HB/dpa CHICAGO. Dies hat die United am Freitag mitgeteilt. Die Fluggesellschaft hat momentan weltweit 23 800 Flugbegleiter. Das Unternehmen gab nicht bekannt, an welchen Standorten die Stellenstreichungen erfolgen sollen. Die United begründete die Stellenstreichungen mit geplanten Kapazitätskürzungen im Rahmen des Sanierungsplanes. Das Unternehmen will zunächst freiwillige Ausstiegsmöglichkeiten offerieren, ehe Entlassungen erfolgen. Die United hatte im Oktober bereits angekündigt, dass 1500 Wartungs-, Kundendienst- und Reservierungs-Mitarbeiter nach Hause geschickt werden sollen.

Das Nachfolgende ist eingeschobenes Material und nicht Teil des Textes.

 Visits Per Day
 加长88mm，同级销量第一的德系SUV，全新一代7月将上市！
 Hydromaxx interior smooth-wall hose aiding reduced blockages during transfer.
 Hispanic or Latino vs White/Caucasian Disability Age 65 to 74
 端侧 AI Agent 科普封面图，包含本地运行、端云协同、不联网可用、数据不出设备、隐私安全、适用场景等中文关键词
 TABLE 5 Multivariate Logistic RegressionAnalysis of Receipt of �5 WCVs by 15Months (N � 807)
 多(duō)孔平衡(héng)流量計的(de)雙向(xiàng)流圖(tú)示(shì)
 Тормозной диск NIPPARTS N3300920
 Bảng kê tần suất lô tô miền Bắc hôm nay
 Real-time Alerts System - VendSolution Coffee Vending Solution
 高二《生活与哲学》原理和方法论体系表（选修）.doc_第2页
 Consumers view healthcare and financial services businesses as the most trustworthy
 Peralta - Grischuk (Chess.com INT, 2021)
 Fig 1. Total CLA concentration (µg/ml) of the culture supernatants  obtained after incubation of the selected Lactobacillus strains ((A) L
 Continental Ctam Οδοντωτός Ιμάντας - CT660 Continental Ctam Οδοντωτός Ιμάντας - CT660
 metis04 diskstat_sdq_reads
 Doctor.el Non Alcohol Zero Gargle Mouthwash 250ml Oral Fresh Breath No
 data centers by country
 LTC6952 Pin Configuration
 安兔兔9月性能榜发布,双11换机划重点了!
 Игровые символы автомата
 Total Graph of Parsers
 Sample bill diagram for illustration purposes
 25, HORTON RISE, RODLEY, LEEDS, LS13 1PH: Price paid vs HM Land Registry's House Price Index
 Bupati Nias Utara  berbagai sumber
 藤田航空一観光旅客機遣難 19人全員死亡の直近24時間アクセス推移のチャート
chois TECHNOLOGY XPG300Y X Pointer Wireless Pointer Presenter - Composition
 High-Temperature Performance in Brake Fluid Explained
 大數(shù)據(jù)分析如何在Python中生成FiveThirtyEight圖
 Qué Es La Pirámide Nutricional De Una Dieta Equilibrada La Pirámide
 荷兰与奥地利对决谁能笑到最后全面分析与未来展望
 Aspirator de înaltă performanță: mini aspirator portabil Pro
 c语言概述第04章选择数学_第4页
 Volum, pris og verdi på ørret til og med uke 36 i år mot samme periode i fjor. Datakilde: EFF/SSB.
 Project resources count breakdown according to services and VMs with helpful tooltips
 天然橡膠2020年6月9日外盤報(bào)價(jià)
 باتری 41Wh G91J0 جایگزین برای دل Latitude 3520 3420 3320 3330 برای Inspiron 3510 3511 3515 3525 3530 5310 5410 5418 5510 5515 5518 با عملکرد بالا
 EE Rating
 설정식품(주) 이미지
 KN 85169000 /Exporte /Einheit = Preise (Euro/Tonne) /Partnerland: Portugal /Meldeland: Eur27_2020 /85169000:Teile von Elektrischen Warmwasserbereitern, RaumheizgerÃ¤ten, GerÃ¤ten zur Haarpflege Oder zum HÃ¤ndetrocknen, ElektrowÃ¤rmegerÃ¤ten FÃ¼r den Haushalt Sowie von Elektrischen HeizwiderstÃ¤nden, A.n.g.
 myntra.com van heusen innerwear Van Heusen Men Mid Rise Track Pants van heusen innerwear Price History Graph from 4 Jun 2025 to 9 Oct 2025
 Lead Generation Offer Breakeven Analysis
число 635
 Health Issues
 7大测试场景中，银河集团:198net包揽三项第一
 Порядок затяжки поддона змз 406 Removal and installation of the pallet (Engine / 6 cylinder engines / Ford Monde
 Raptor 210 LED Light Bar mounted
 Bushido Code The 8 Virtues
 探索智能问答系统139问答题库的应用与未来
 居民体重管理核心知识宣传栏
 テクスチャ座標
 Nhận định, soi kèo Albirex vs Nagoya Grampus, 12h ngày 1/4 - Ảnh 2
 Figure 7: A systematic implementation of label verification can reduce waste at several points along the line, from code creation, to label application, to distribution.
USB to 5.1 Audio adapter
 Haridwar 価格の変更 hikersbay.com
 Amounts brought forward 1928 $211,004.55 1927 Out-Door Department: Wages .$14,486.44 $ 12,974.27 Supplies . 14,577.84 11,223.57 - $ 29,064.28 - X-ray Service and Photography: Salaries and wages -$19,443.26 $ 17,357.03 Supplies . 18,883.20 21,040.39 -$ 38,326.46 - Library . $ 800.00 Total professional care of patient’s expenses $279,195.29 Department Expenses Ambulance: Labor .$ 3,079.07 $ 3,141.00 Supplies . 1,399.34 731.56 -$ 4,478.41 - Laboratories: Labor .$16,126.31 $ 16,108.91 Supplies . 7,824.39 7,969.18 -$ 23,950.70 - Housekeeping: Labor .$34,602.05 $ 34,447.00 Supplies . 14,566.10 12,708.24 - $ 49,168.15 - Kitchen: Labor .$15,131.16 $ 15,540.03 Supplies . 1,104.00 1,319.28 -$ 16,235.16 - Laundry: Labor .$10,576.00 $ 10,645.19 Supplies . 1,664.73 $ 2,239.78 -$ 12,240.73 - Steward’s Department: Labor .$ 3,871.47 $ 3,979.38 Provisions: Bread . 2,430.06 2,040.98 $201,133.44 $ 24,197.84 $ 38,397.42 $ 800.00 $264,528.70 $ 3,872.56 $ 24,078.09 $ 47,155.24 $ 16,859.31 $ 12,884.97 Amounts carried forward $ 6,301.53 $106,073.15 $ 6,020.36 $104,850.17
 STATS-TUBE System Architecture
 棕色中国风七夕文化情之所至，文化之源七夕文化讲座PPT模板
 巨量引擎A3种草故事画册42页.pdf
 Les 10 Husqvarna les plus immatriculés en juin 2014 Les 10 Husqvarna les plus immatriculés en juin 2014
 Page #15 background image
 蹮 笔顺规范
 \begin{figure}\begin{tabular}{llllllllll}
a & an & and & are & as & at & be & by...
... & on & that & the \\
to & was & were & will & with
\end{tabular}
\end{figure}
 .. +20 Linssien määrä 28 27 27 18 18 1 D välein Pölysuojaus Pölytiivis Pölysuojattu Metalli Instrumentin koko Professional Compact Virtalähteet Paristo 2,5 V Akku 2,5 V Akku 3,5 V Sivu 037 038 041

Die United will einen Gang zum Konkursrichter vermeiden. Sie verhandelt mit der Gewerkschaft der Flugbegleiter über Tarifkonzessionen. Die in Chicago ansässige Fluggesellschaft hat von ihren Piloten bereits Tarifkonzessionen von 2,2 Milliarden Dollar (2,17 Mrd Euro) über fünfeinhalb Jahre erhalten und will von den anderen Gewerkschaften Zugeständnisse von zusätzlich 3,8 Milliarden Dollar für den gleichen Zeitraum haben. Über die Aufschlüsselung dieser Tarifkonzessionen wird noch verhandelt.

Die Gesellschaft hat auch Kreditgarantien von 1,8 Milliarden Dollar bei der staatlichen US-Hilfsbehörde für die Airlines beantragt, die nach den Terrorattacken vom 11. September gebildet worden war.